Saturday, May 9, 2009

Supracultural Principle 52 - Grace giving

BIBLICAL BASIS

I am not commanding you, but I want to test the sincerity of your love by comparing it with the earnestness of others. For you know the grace of our Lord Jesus Christ, that though he was rich, yet for your sakes he became poor, so that you through his poverty might become rich.

- 2 Corinthians 8:8-9

Paul did not command the Roman Christians to offer their bodies as living sacrifices to God; rather, he urged or beseeched them. He made clear that they certainly owed this response "in view of God's mercy" (Romans 12:1). But Paul knew God wanted their response to be from their own willingness to do so. Here again we see the correlation between sharing our material possessions and presenting our bodies to God. Though we certainly owe it to the Lord to be generous people because of his generosity to us, he wants our gifts to come from willing hearts.

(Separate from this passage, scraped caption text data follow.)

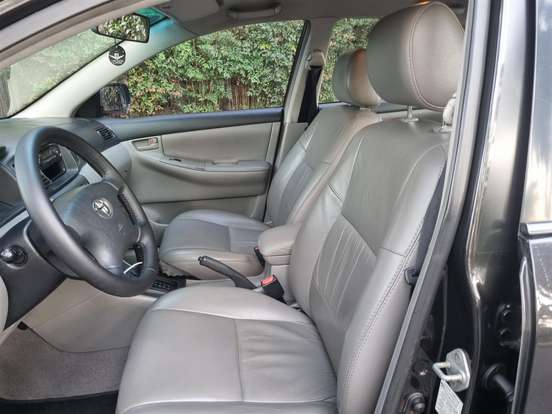 TOYOTA-COROLLA-2004
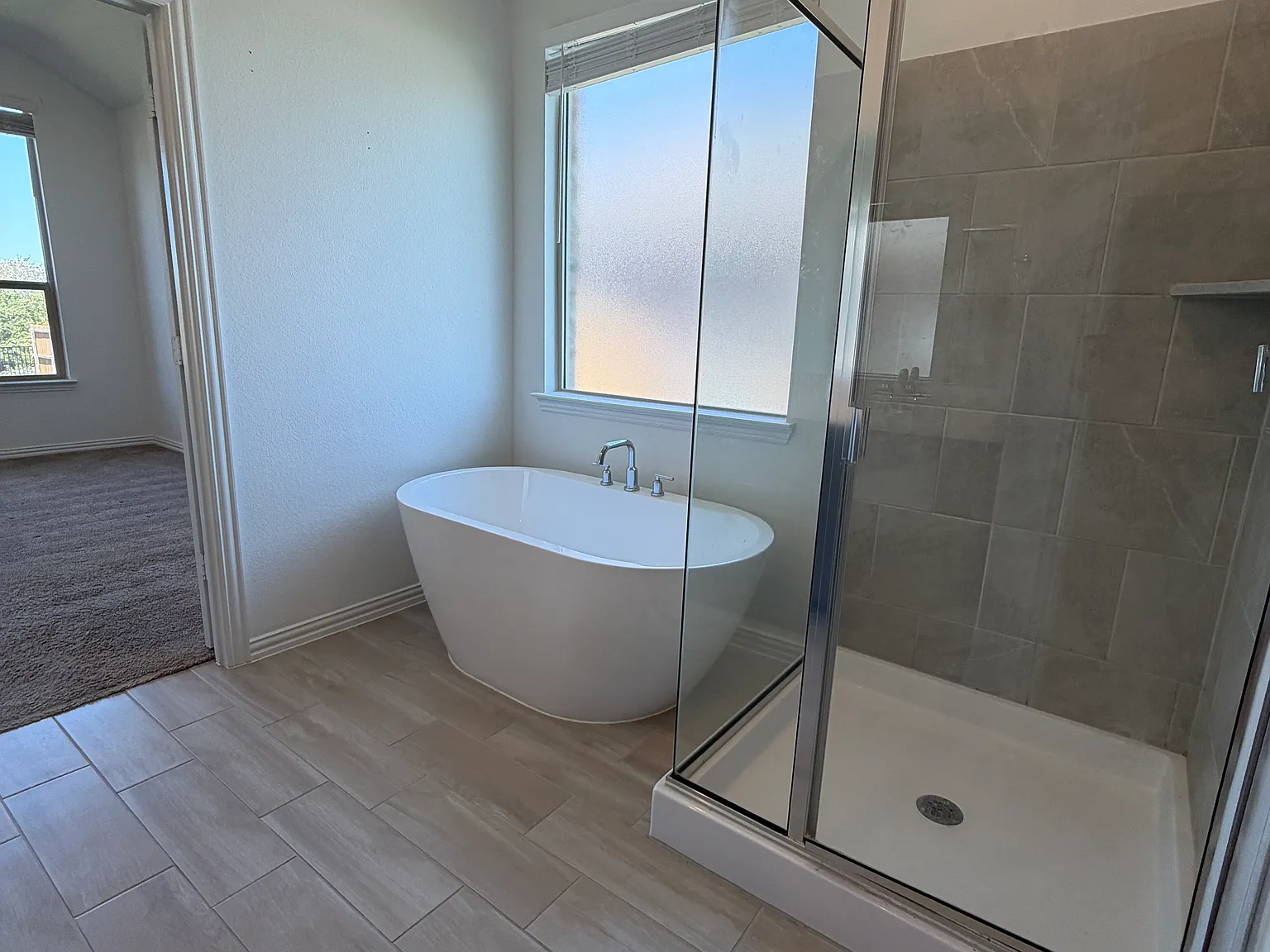 4 bed, 2371 sqft, $2,900 — Photo 3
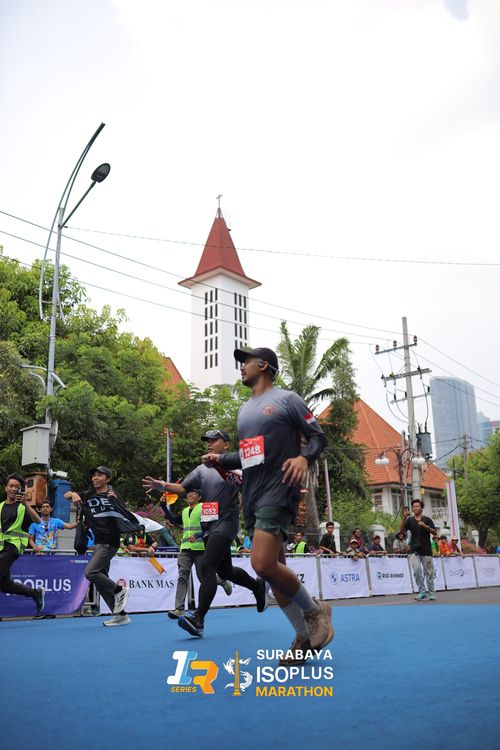 Race photo from SURABAYA ISOPLUS MARATHON 2025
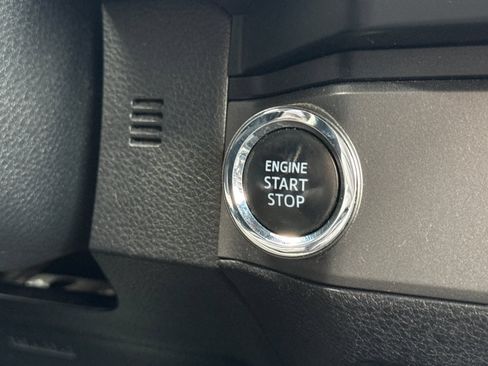 Used 2019 Toyota Tacoma TRD Sport w/ Technology Package RWD image 21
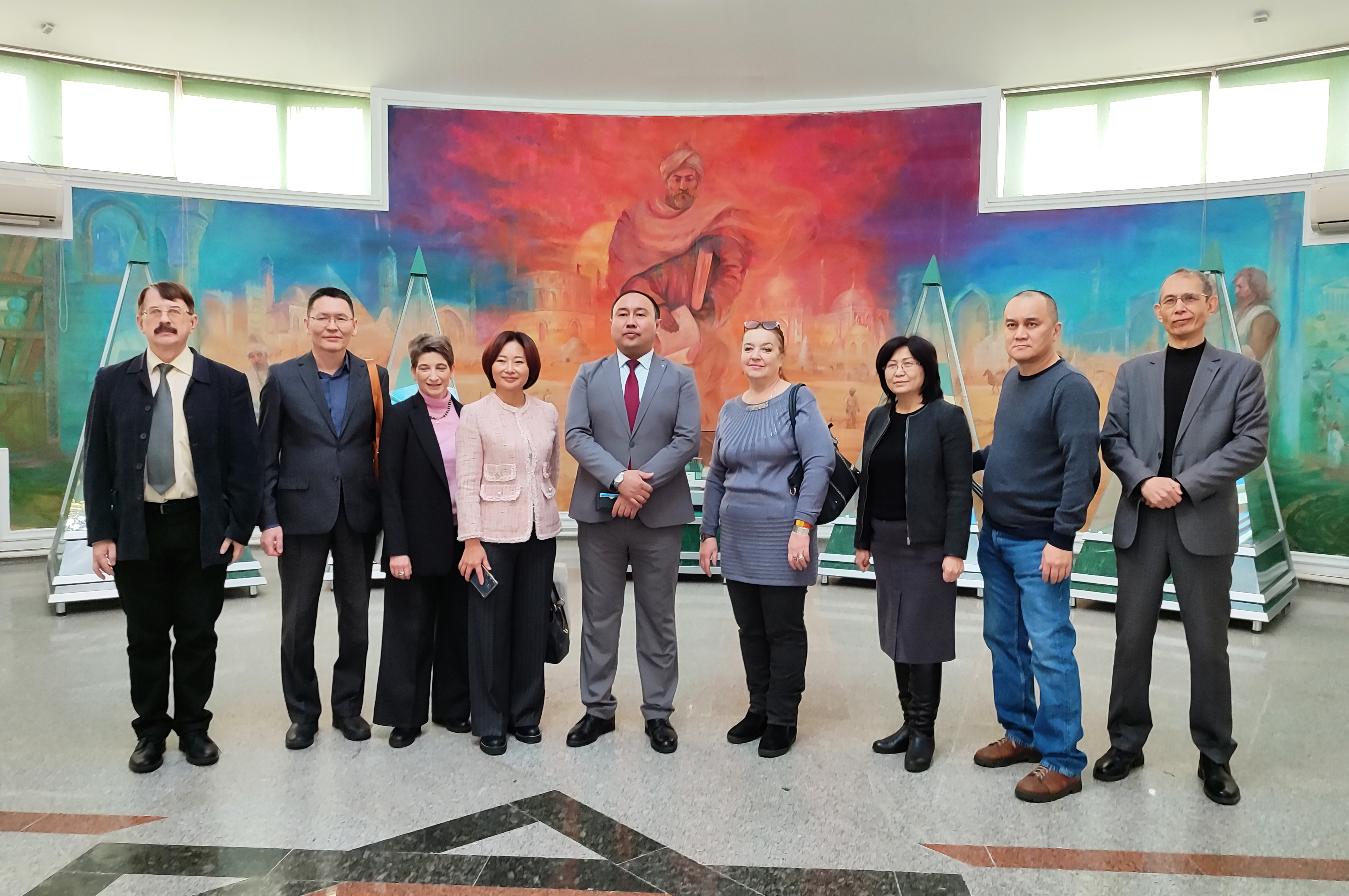 An excursion to the KazNU Museum was held for graduates of the 1994 (30 years old) Faculty of Journalism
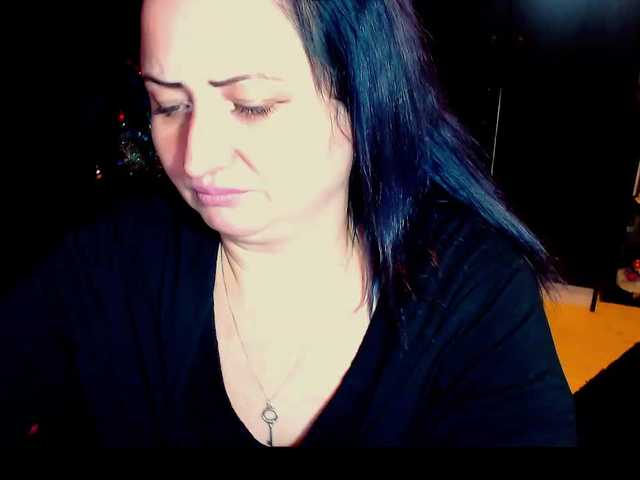 Zrzuty ekranu transmisji KinkyDomina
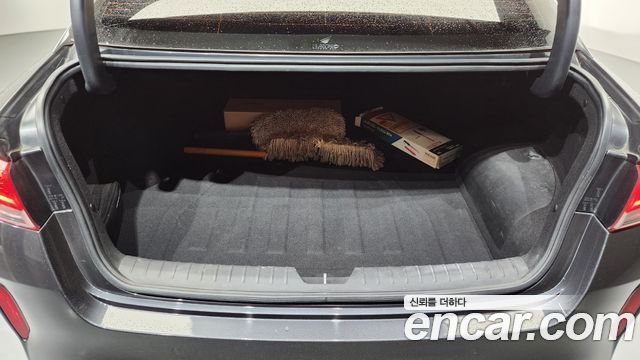 Kia K5 2018 — photo 26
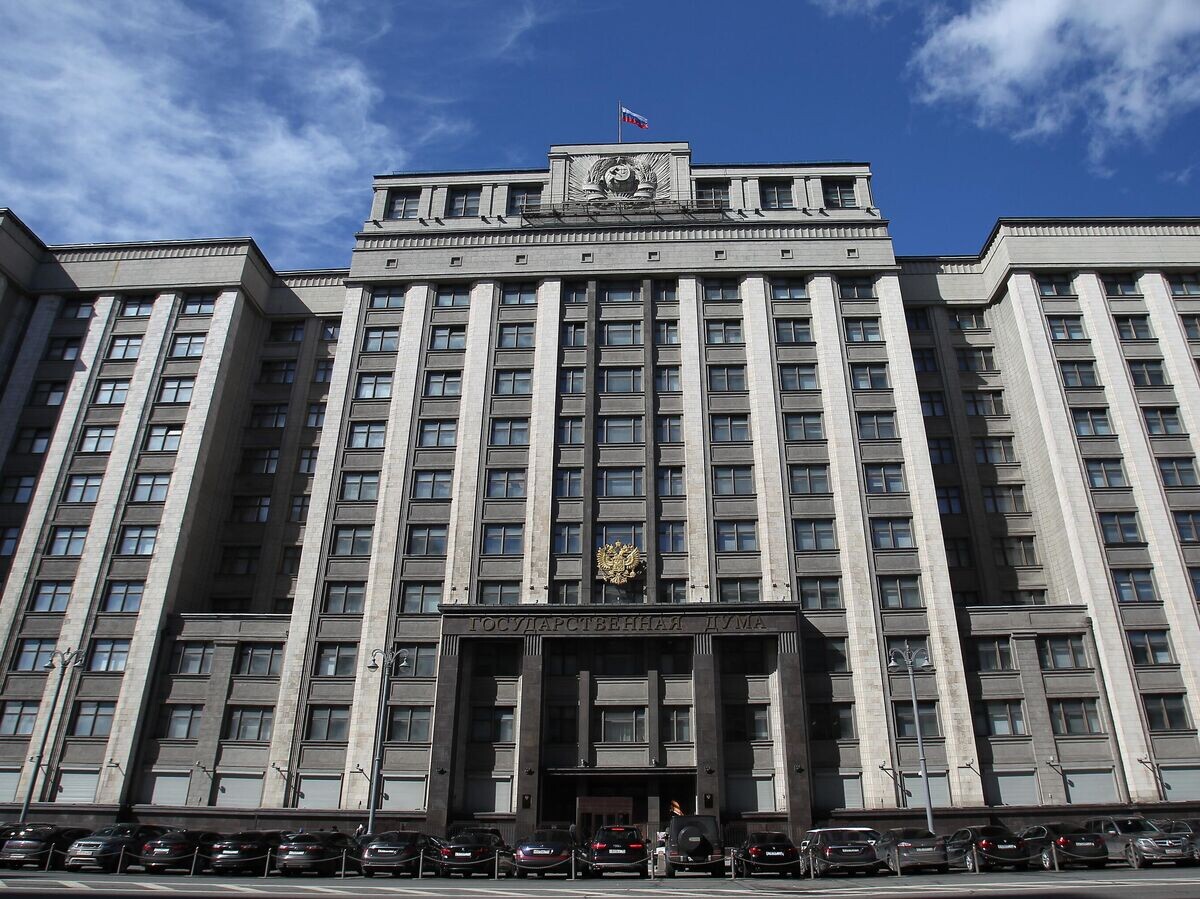 Новые поправки в трудовом законодательстве: Единая Россия предлагает защиту рабочих прав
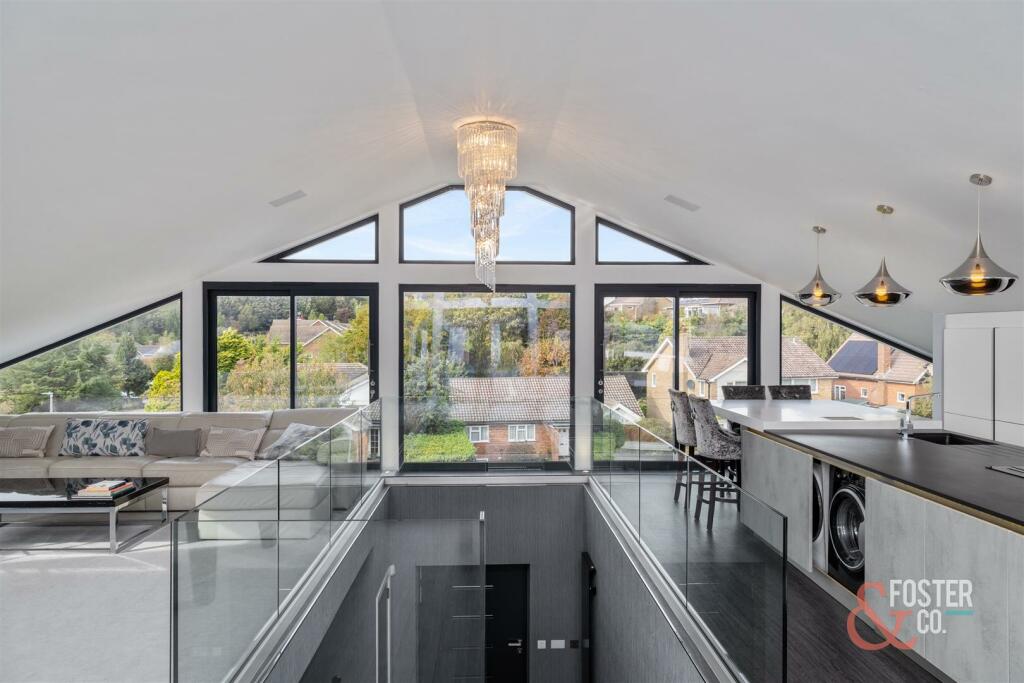 Hill Drive, 17-011.jpg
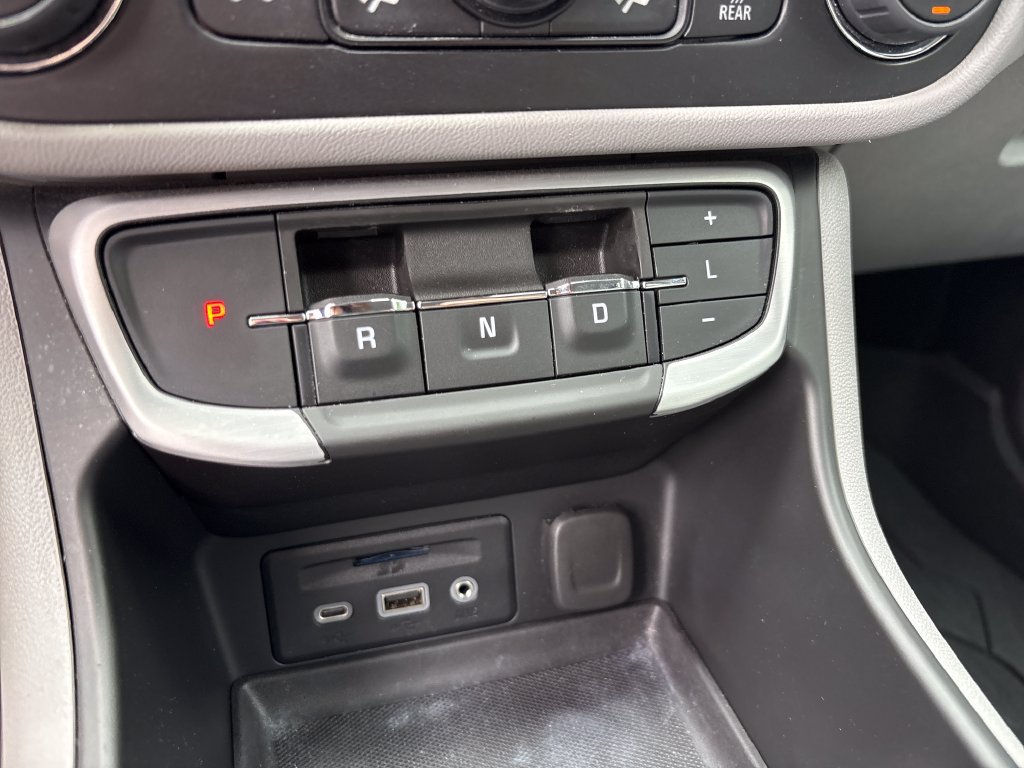 Used 2022 GMC Terrain SLT w/ Tech Package FWD image 26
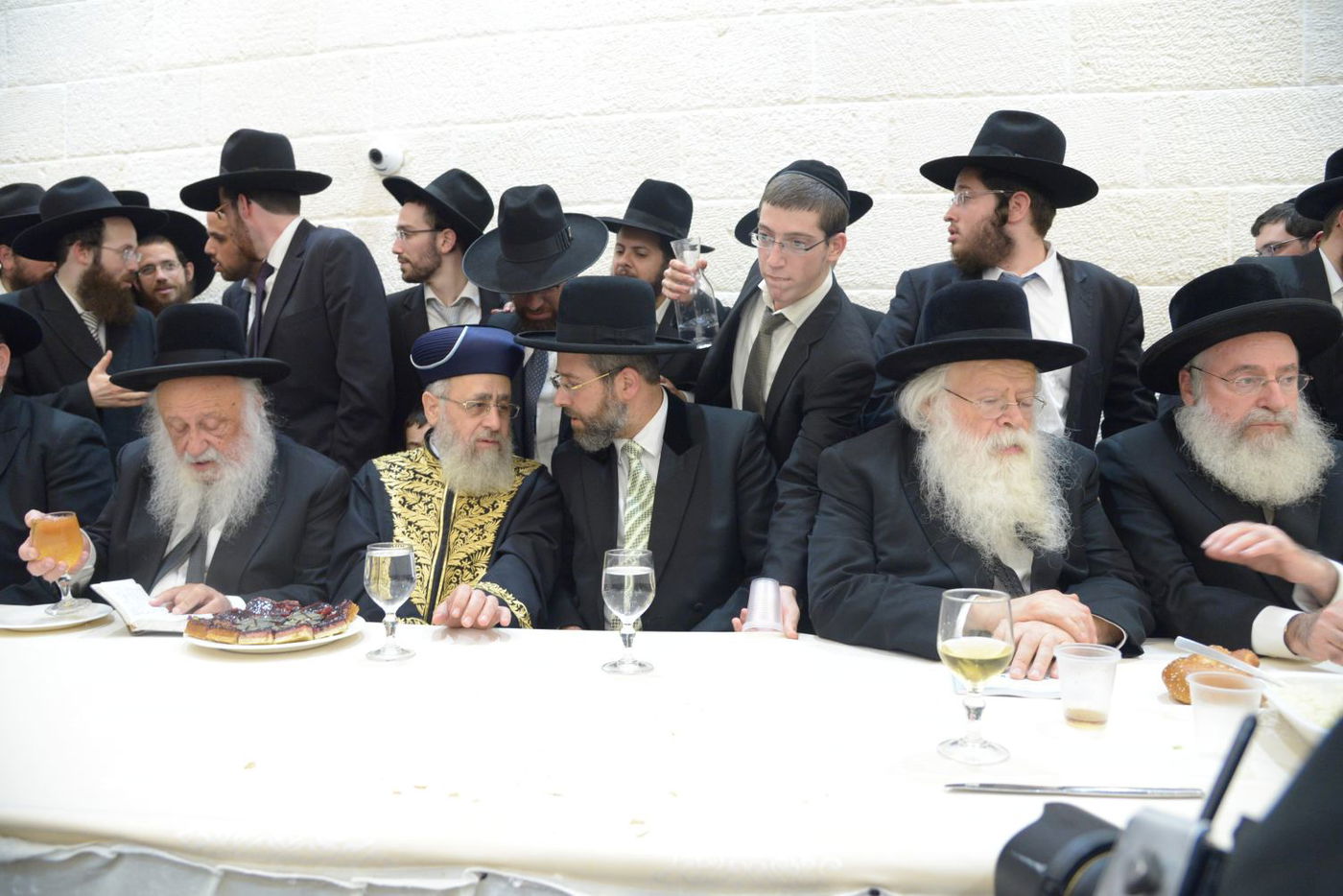 שמחת בית פוניבז' בנישואי נכדי ראשי הישיבה • תיעוד ענק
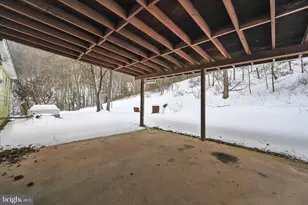 283 Pleasant Valley Rd, New Ringgold, PA 17960 - Photo 25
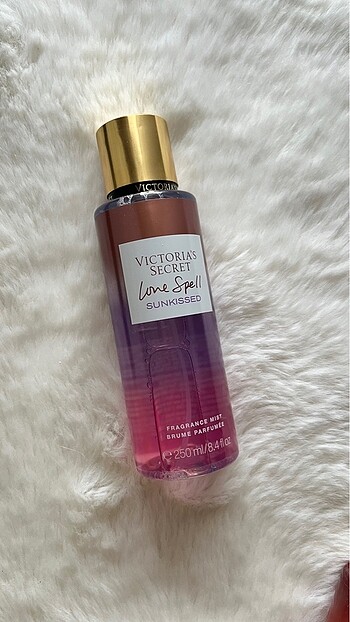 victoria secret love spell sunkissed vücut spreyi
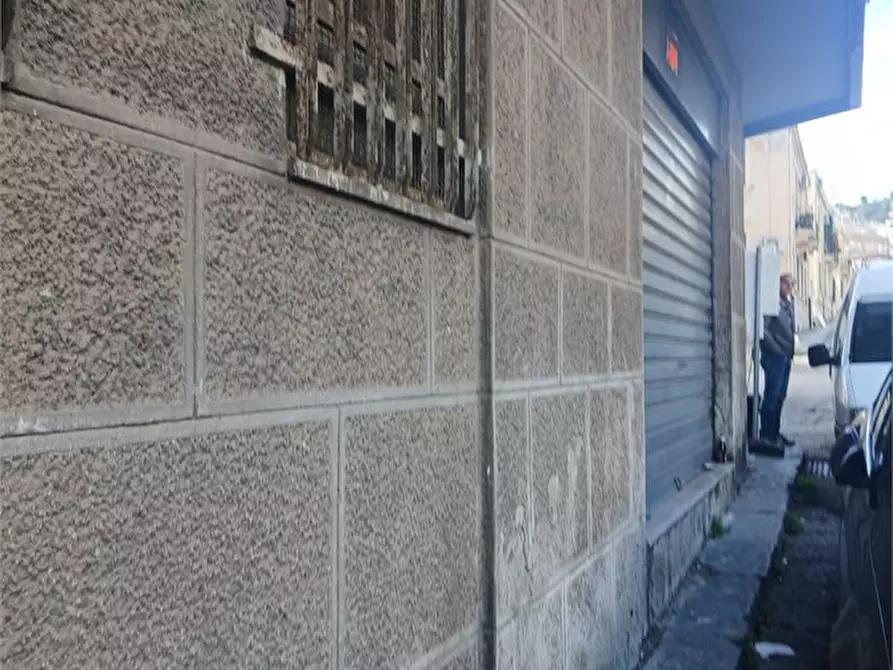 Immagine 2 di Negozio in vendita  a Messina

Paul had a second motive when he penned these words: "I want to test the sincerity of your love by comparing it with the earnestness of others" (2 Corinthians 8:8). This is why he began this section of his letter by illustrating what the Macedonian churches had done. How sincere were the Corinthians?

Supracultral Principle 52

Grace giving

God wants us to share our material possessions not in response to a command but rather out of love, reflecting sincere appreciation for his gift of salvation.

When Paul reminded the Corinthians that he didn't want them to respond to a command to share their material possessions, he at the same time reminded them of Jesus Christ, who willingly became poor so they (and all believers) might become rich (2 Corinthians 8:9). Jesus Christ is our example in every respect. What he, "who, being in very nature God," did for the world in giving his life as a humble ser­vant, even unto death (Philippians 2:6-7), should constantly moti­vate all of us as Christians to joyfully give our material possessions in a generous way. That's "grace giving!"